[Recorded data]
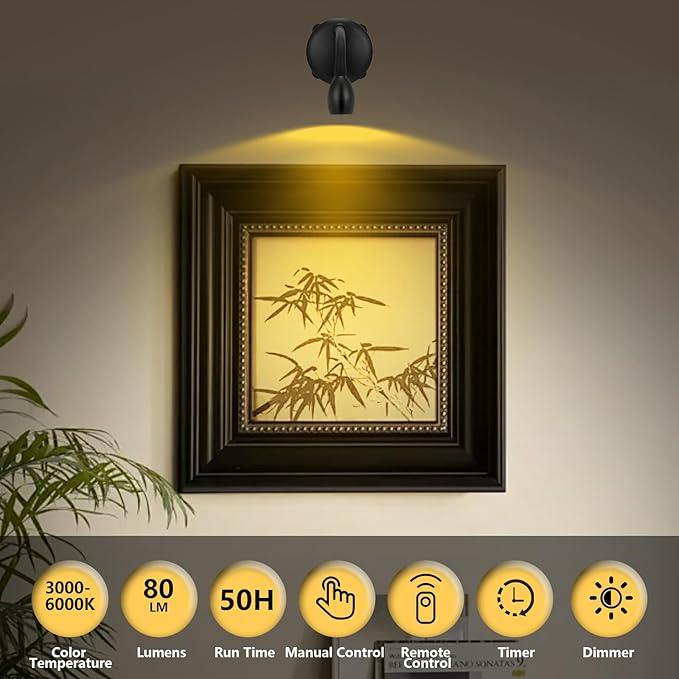 Cordless Spotlight Battery Operated, LED Picture Light, Dimmable Accent Light - Image 5
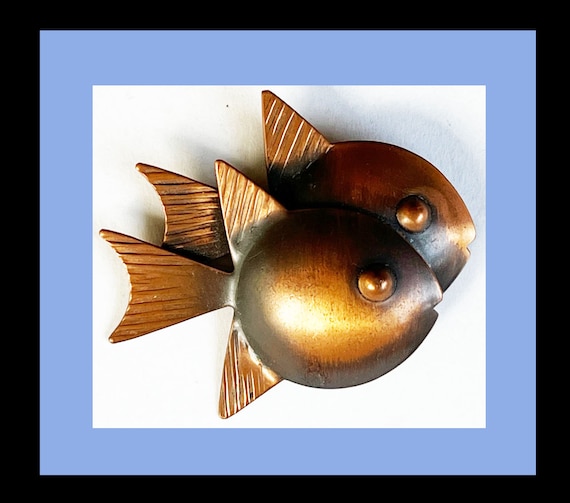 Rebajes Vintage Signed Double Fish Copper Brooch - image 1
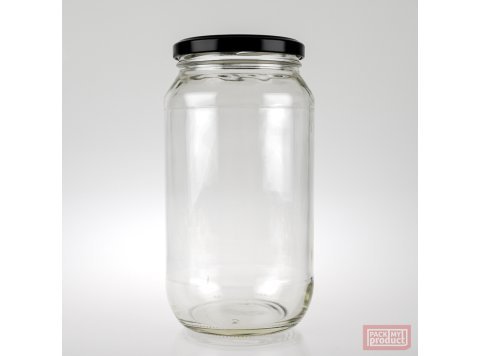 1000ml Clear Glass Food Jar with 82mm Black Twist Cap
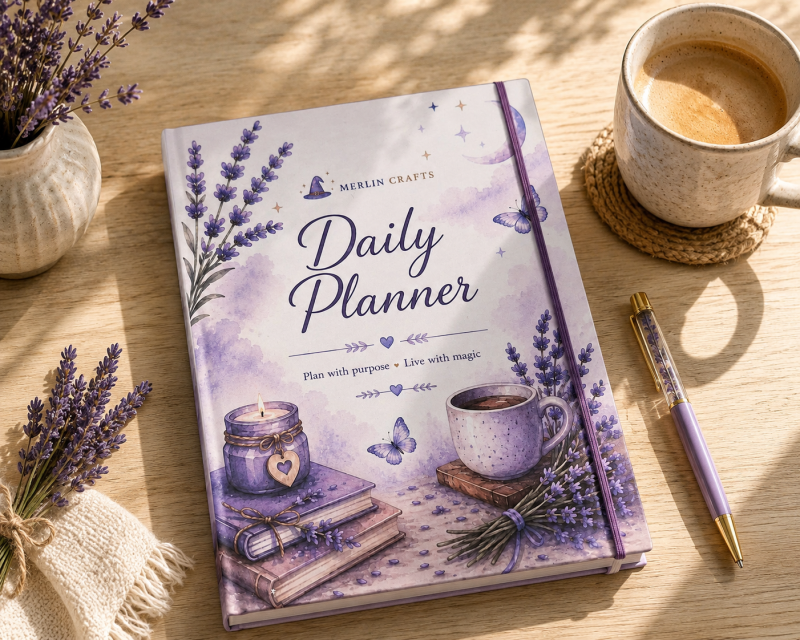 Handmade Lavender Daily Planner – Hardbound or Ring Bound A5 Planner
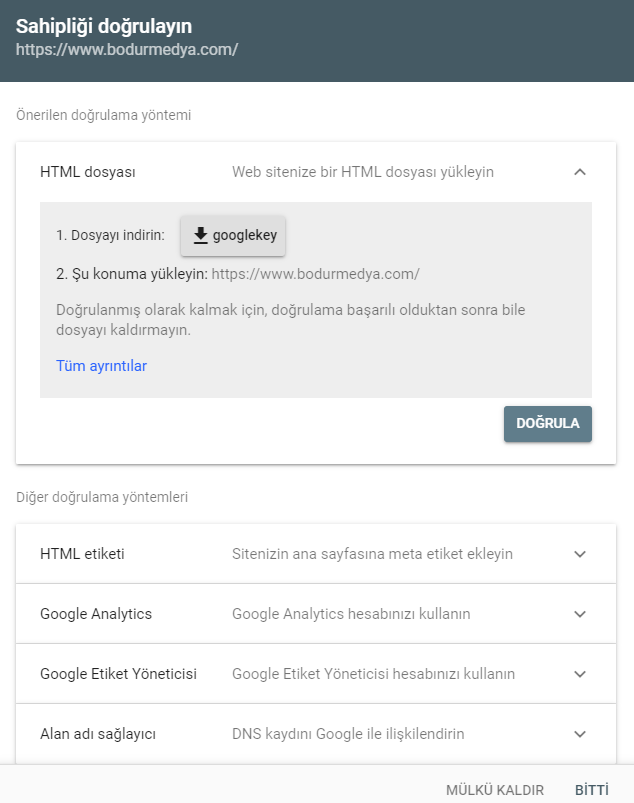 Google Search Console Sahipliği Doğrulama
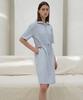 Rie Zip Neck Drawstring Waist Midi Dress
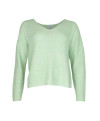 Pull TANZANIE en lurex col V manches longues - Menthe - C'est Beau la Vie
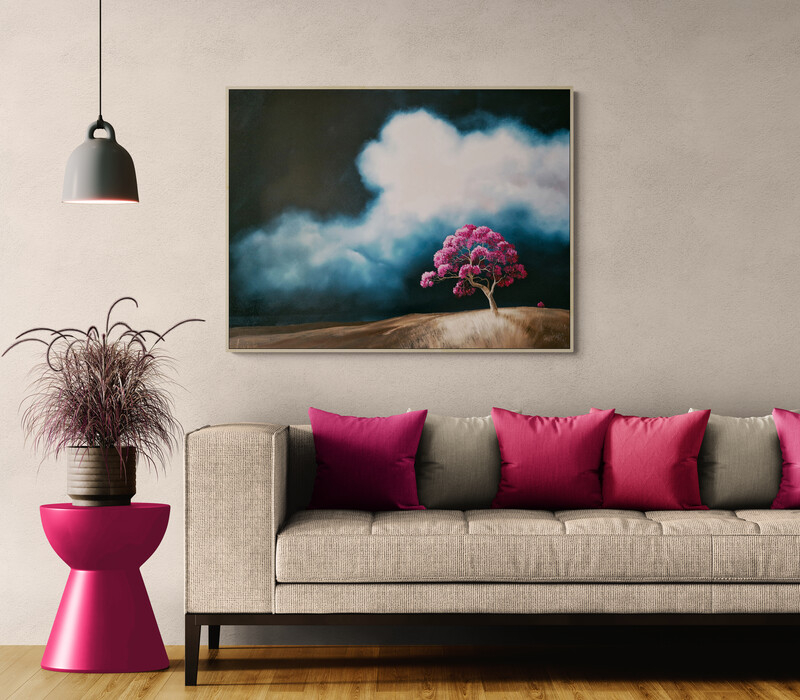 Atmospheric Australian landscape painting by Lucinda Leveille, pink flowering tree under dramatic sky,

■ **Directions for this task**
Each line of the data above is to be output exactly; the pictures are not to appear.

■ **Task result**
 Cordless Spotlight Battery Operated, LED Picture Light, Dimmable Accent Light - Image 5
 Rebajes Vintage Signed Double Fish Copper Brooch - image 1
 1000ml Clear Glass Food Jar with 82mm Black Twist Cap
 Handmade Lavender Daily Planner – Hardbound or Ring Bound A5 Planner
 Google Search Console Sahipliği Doğrulama
 Rie Zip Neck Drawstring Waist Midi Dress
 Pull TANZANIE en lurex col V manches longues - Menthe - C'est Beau la Vie
 Atmospheric Australian landscape painting by Lucinda Leveille, pink flowering tree under dramatic sky,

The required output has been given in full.